It is not only the text that gets bleary-eyed about the past, the whole book
is a pastiche (or appropriation?) of 1970s zine culture: lots of faded xerox
collages, typewriter text and bad (no, truly bad, not ironically bad)
drawings. The text is also nostalgic for the recent past before the book's
setting, and occasionally interjects little social histories in the stories
being told.
It's hard to believe the book gathers up zines published from 2005 onwards,
although I guess there must be lots of readers like me who are also nostalgic
or at least warmly inclined towards a rather romanticised view of their
teenage London years. The chapters (originally specific issues of the zine)
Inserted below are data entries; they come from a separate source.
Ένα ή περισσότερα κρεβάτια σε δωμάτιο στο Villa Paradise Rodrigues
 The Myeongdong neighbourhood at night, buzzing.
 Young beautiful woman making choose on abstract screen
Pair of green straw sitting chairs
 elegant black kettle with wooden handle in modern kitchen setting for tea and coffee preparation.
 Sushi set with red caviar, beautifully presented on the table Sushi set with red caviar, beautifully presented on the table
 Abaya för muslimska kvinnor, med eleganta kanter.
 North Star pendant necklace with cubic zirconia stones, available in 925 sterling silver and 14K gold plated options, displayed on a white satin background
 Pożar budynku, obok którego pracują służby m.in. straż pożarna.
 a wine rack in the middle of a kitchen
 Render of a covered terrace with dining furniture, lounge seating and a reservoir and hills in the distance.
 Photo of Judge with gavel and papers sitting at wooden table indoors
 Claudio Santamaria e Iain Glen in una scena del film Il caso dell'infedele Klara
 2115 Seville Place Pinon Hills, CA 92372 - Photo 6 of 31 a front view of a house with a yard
I like the most are those set in Notting Hill and Ladbroke Grove; others will
be drawn further east or north to the other London Borough hotpspots of
counterculture and lingering hippydom they were part of or wished they were
as they looked onÉ
Like others before her, Ford glamourizes the harsh realities of squatting,
drug use, hunger and general hand-to-mouth existence on the edge of
homelessness. The book could cynically be read as one long celebratory binge
framed as psychogeography, a celebration of poverty and addiction with the
author wallowing in her own cesspit of desire. Her world narrows to
acquaintances, occasional friendships, and endless long walks, moves from one
temporary abode to another. She is angry with the police, with society at
large, but most of all angry with herself, although this is sharply
contrasted with sunset euphorias and street-urchin epiphanies as she comes up
for air, ready to grab her pen and glue stick.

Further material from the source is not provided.